I have looked on our pink slip that took ages to arive and there is clearly no restrictions placed on our girl 
I did not anything about this when we bought her 
To a complete novice like me it seems that that if everyone refused to buy restricted cats that would stop this practise dead as breeders would have to keep all their kittens 
Even though I did not know about this there would be no way I would have bought her if their were restrictions as it seems that these dealers want it all imagine a group of dealers conspriring to sell only restricted cats in time they would have a stranglehold on all stud fees etc It seems so unfair that someones pays for a cat and that someone else owns some of your cat in order to control the system of cause if there were health resons and not commercial that would be a complete ball game


----------



## LousKoonz (Feb 9, 2008)

patsie said:


> I have looked on our pink slip that took ages to arive and there is clearly no restrictions placed on our girl
> I did not anything about this when we bought her
> To a complete novice like me it seems that that if everyone refused to buy restricted cats that would stop this practise dead as breeders would have to keep all their kittens
> Even though I did not know about this there would be no way I would have bought her if their were restrictions as it seems that these dealers want it all imagine a group of dealers conspriring to sell only restricted cats in time they would have a stranglehold on all stud fees etc It seems so unfair that someones pays for a cat and that someone else owns some of your cat in order to control the system of cause if there were health resons and not commercial that would be a complete ball game


it wouldn't say any restrictions on a pink slip, just if the kitten can actually be bred from or not - as in if breeder put kitten on active or inactive register x

The only way there'd be restrictions is if you signed a contract that said there were rules in place that you had to follow x

If you haven't signed a contract then you are not restricted x


----------



## lauren001 (Jun 30, 2008)

The restrictions are not outlined on the pink form from the GCCF. The GCCF merely documents whether she is on the Active (ie suitable for breeding) or sold as a pet. If she is sold as a pet then no kittens can be registered from her unless she is converted to the Active which only her breeder can do.

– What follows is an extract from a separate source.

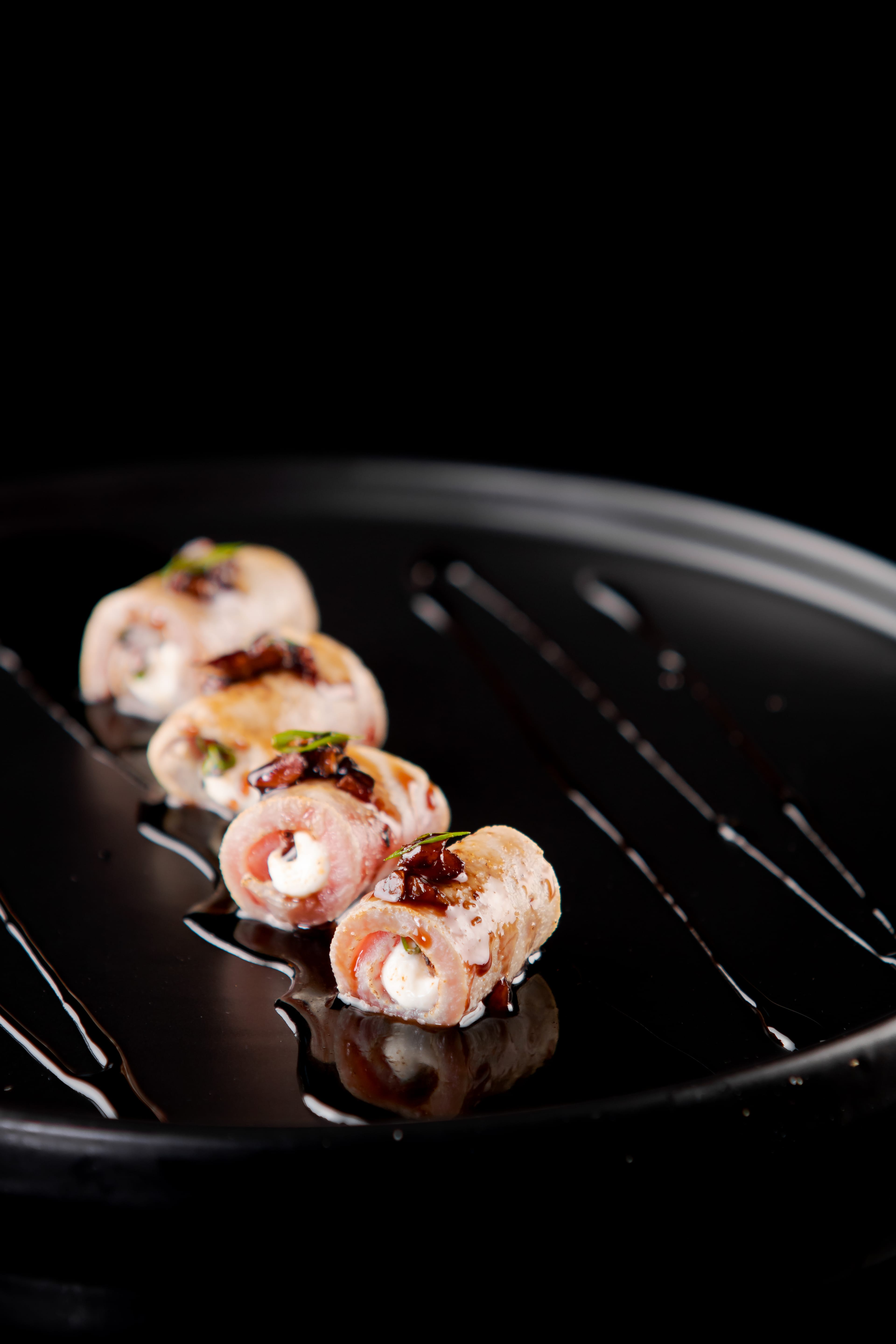 Tartar de atum com gergelim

The restrictions we are talking about are on the contract you signed with your breeder on purchase of the cat or on mating your cat to an outside stud.

You could potentially just ignore any restrictions and wait to be taken to court, but in general it is not seen as good practice and you could end up ostracised by many breeders if you publicly flout them.

The best thing to do is if you don't want a cat with restrictions is just to walk away. However in some breeds this would prohibit you from having any of the "top" genes hence the discussion on here.

Lauren


----------



## Indie (Nov 6, 2007)

I am new to this as i have never had a pedigree kitten only moggies. I am getting 2 pedigree kittens in June. Could someone explain to me what active means thankyou.x


----------



## lymorelynn (Oct 4, 2008)

Indie said:


> I am new to this as i have never had a pedigree kitten only moggies. I am getting 2 pedigree kittens in June. Could someone explain to me what active means thankyou.x


On the active register means that you can legitimately breed from the cat, male or female but most pedigrees are sold not active.


----------



## Indie (Nov 6, 2007)

Ahhhh right thankyou.


----------



## lauren001 (Jun 30, 2008)

When a pedigree cat is sold for breeding the breeder must place the kitten on the Active register. This means that the cat is of a quality that meets the standard for a particular breed and in her opinion is suitable to produce kittens that will enhance and continue the breed on. 
If the cat is sold on the Active it is then able to produce registered kittens with another "Active" cat.

So if you buy a Persian kitten on the Active, find a registered Persian Stud cat, then the GCCF will register their kittens as Persians.

If you buy a "pet" pedigree kitten then the kittens cannot be registered unless the breeder will convert the cat to the Active for you. This usually entails a further money transfer.

Some cat sold as pets are actually of breeding quality, so a breeder may be happy to convert, but some are sold as pets because they are not of that quality, it may be cosmetic, or genetic or health, size or coat quality reasons etc etc.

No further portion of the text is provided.